Predicting Data Science Salaries Scraped From Indeed.com

Zain Khan
I,RR
Published in
9 min readJul 20, 2020

One of my key projects for the General Assembly Data Science Immersive course was to scrape job listings from any job site we choose and apply machine learning algorithms to predict salaries for Data Science roles in the United States.

Note: This project was completed in July 2020.

Introduction and Pre-Processing:

The first task was simple and straightforward, find the appropriate tags for each job cards and then extract the respective job title, salary and location to our notebook for pre-processing.

Web Scraping:

This is the base URL that I used to scrape all of the key job information.

URL = “https://www.indeed.com/jobs?q=data+scientist&l=San+Francisco&start=10"

The job titles were represented by q query and the location by l. I used the usual web scraping methods illustrated below and crafted 4 separate functions to extract the relevant information from each job listing.

My web scrape in action. Beautiful. Beautiful Soup.
Each function used to extract the information required.

From there, I needed to begin scraping with all of the cities I want to include in the scrape as well as job titles. This took a casual 3 hours and 15 minutes. Something I wish I had known at the start.

Slow and steady wins the race.

After that long and painful web scrape, I needed to put all of our jobs into a dataframe.

After a 3 hour web scrape, the hour it took to complete this felt like a minute.

With all of the data required in a dataframe, I can now run all the amazing models I had learned over the first 6 weeks of the course. Let’s begin by looking at the amount of jobs I actually managed to scrape:

Job         17714
Company 8756
Location 2782
Salary 860

Since this project is focused on predicting salaries, I need to clean our data to make sure that the job listings I keep for our analysis have an associate salary. This is where I was nervous. The sunk cost fallacy was kicking in. I had waited almost 5 hours to web scrape and add all my data to a dataframe so I needed this to work smoothly.

After checking for any null values, I found that our lovely ‘Salary’ column had exactly 14,046 missing values. This is getting tight. After removing the rows without an actual salary, I had to clean the column further to remove all of the daily and monthly salary rates.

I really like the look of this cell.

A total of 912 values by the end of the data cleaning. Not the biggest sample but sufficient for this project. I probably should not have selected the United States because unlike the United Kingdom most employers or agencies do not list salaries on job postings. You live and learn. I, too, am a self-learning machine.

Here is what my cleaned dataframe looks like at the end of pre-processing:

I felt like a proud father looking at this.

EDA and Setting Up Our Target:

The EDA performed on this data set was basic but, as always, necessary.

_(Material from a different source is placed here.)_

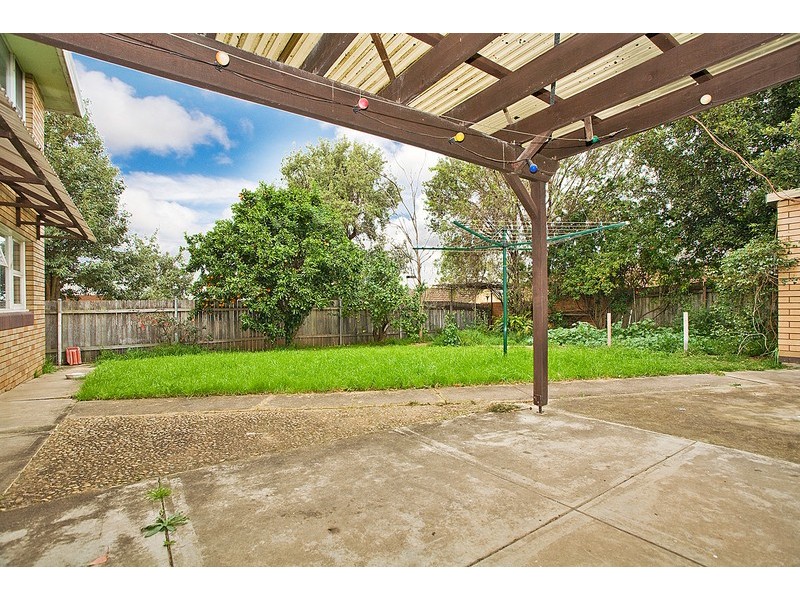 27 Pritchard Place, Peakhurst NSW 2210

I needed to check if there were any strange and out of the ordinary values in the salary column.

count       912.000000
mean 120666.084978
std 44826.590910
min 3.000000
25% 91039.000000
50% 115555.000000
75% 145000.000000
max 475000.000000

There was a salary value at $3 per year which is definitely a data point that I need to discount so I did just that. Without even thinking twice, I removed it. That’s just how I operate at this point. However, it makes perfect sense because with 912 values, I can afford to move on quickly.

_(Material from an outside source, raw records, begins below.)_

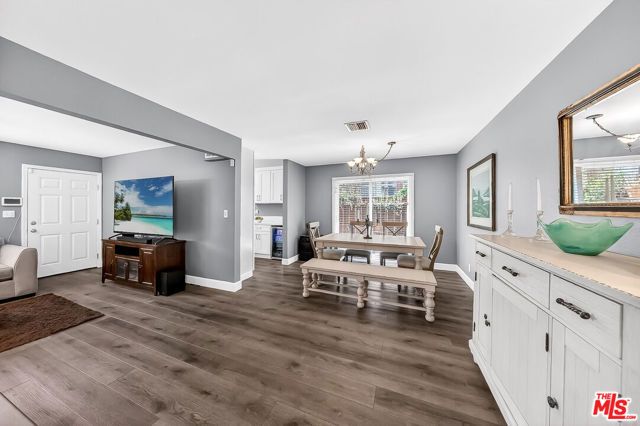 7320 Lennox Avenue F7, Van Nuys (los Angeles), CA 91405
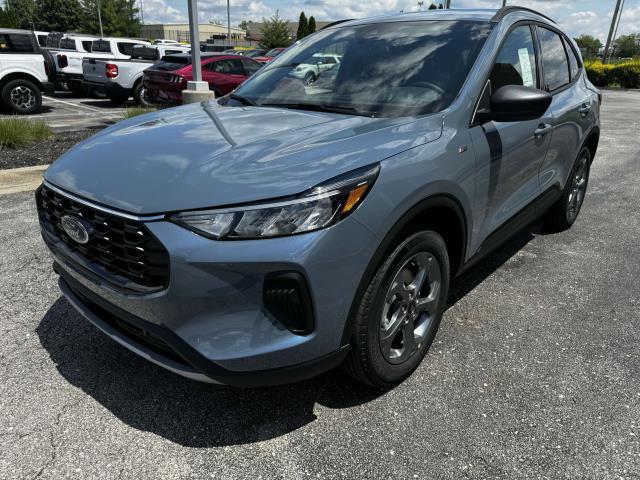 new 2025 Ford Escape car, priced at $31,500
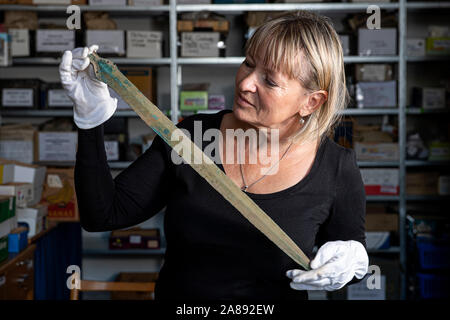 Eine frühe Bronzezeit Schwert aus Bronze war zufällig gefunden am Samstag, 2. November 2019, Rychnov museum Archäologe Martina Bekova (Bild) sagte am Donnerstag, 7. November 2019, in Rychnov nad Kneznou, Tschechische Republik. Die Waffe mit einem einfachen graviert Linie um die Klinge verziert ist, immer noch scharf wie eine Rasierklinge, Bekova sagte, die das Außergewöhnliche suchen. "Die Bronze grip Zunge Schwert ist bis um 1200 v. Chr. Es ist Teil der Lausitzer Kultur. Die Funde dieser Kultur zahlreiche in Ostböhmen sind, aber es ist Nicht so im Fall der Schwerter, "Bekova sagte. (CTK Photo/David Tanecek) Stockfoto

This made me question whether or not there were other glaring outliers in my dataset.

A histogram on all salaries.

There are a few values on the higher end which I have an internal debate about removing. Since I am going to be creating dummy variables for my target based on the percentile score, does it really make a difference to my data? Should it? I am going under the assumption that it won’t necessarily effect my model too much, however, after writing and re-reading my analysis, I may learn otherwise.

Creating My Target:

I decided to test my models on two different target variables.

1- Multi-class target: 4 different classes each defined by the percentile score of the target.

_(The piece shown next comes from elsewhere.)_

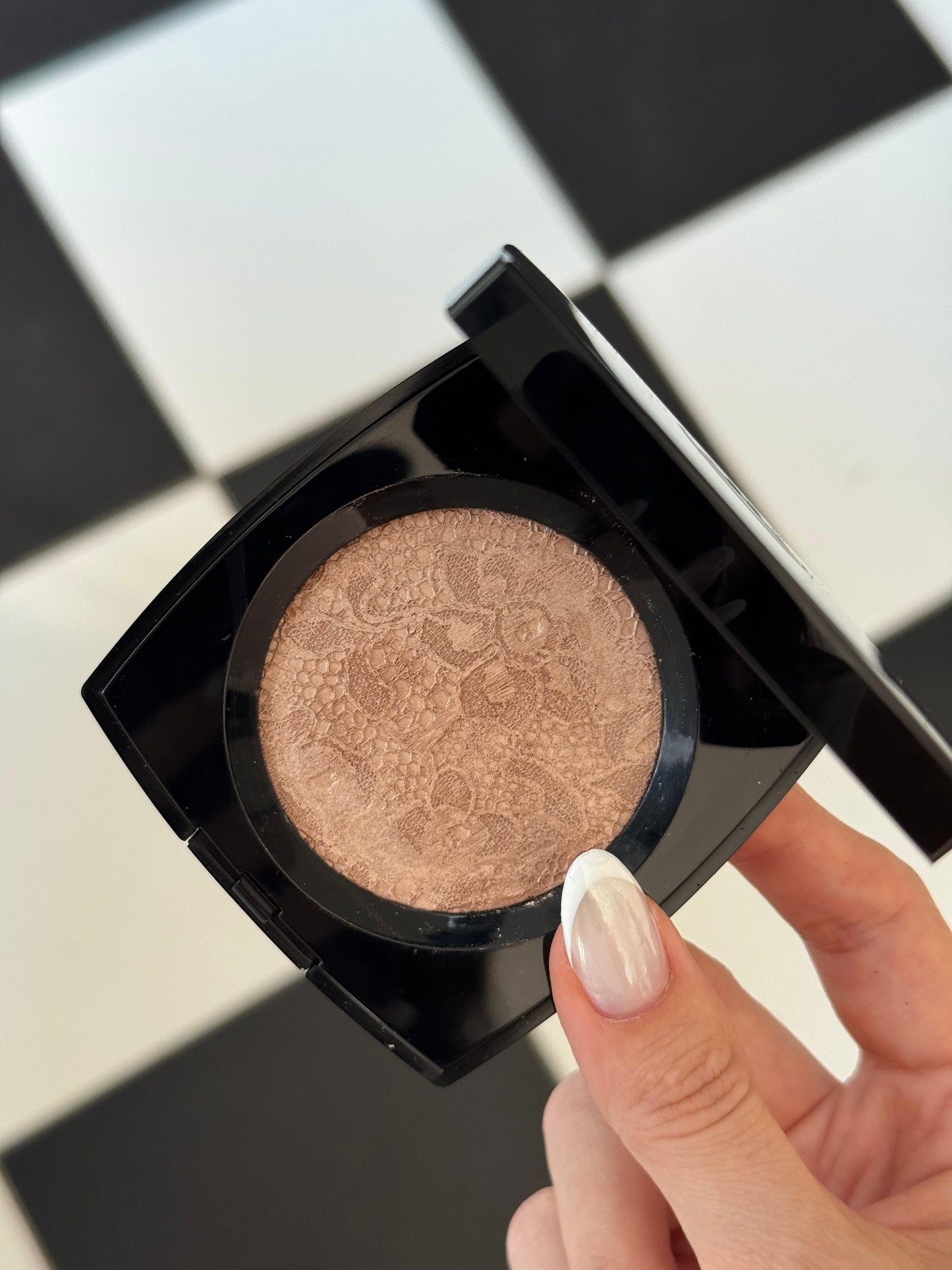 CHANEL Dentelle Précieuse Illuminating Powder - Limited Edition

Simple and potentially effective.

Bonus: Baseline Accuracy:

2- High/Low target: a simple binary classified target for salaries higher or lower than the median.

Extremely simple, and will most likely yield the best results.

My Models:

The first task was to only use location as a feature for our model. To do that, I had to separate all the locations by city and state and then dummify each city so that we could get a variety of location features for our model.

This dummification process gave me a total of 196 columns with each city or area as a feature in our model.

Some interesting cities in there even though we had specified a city list when web scraping. So it goes.

Every X variable (predictor) was split and scaled, it’s just good practice. The target variable here is the multi-class target.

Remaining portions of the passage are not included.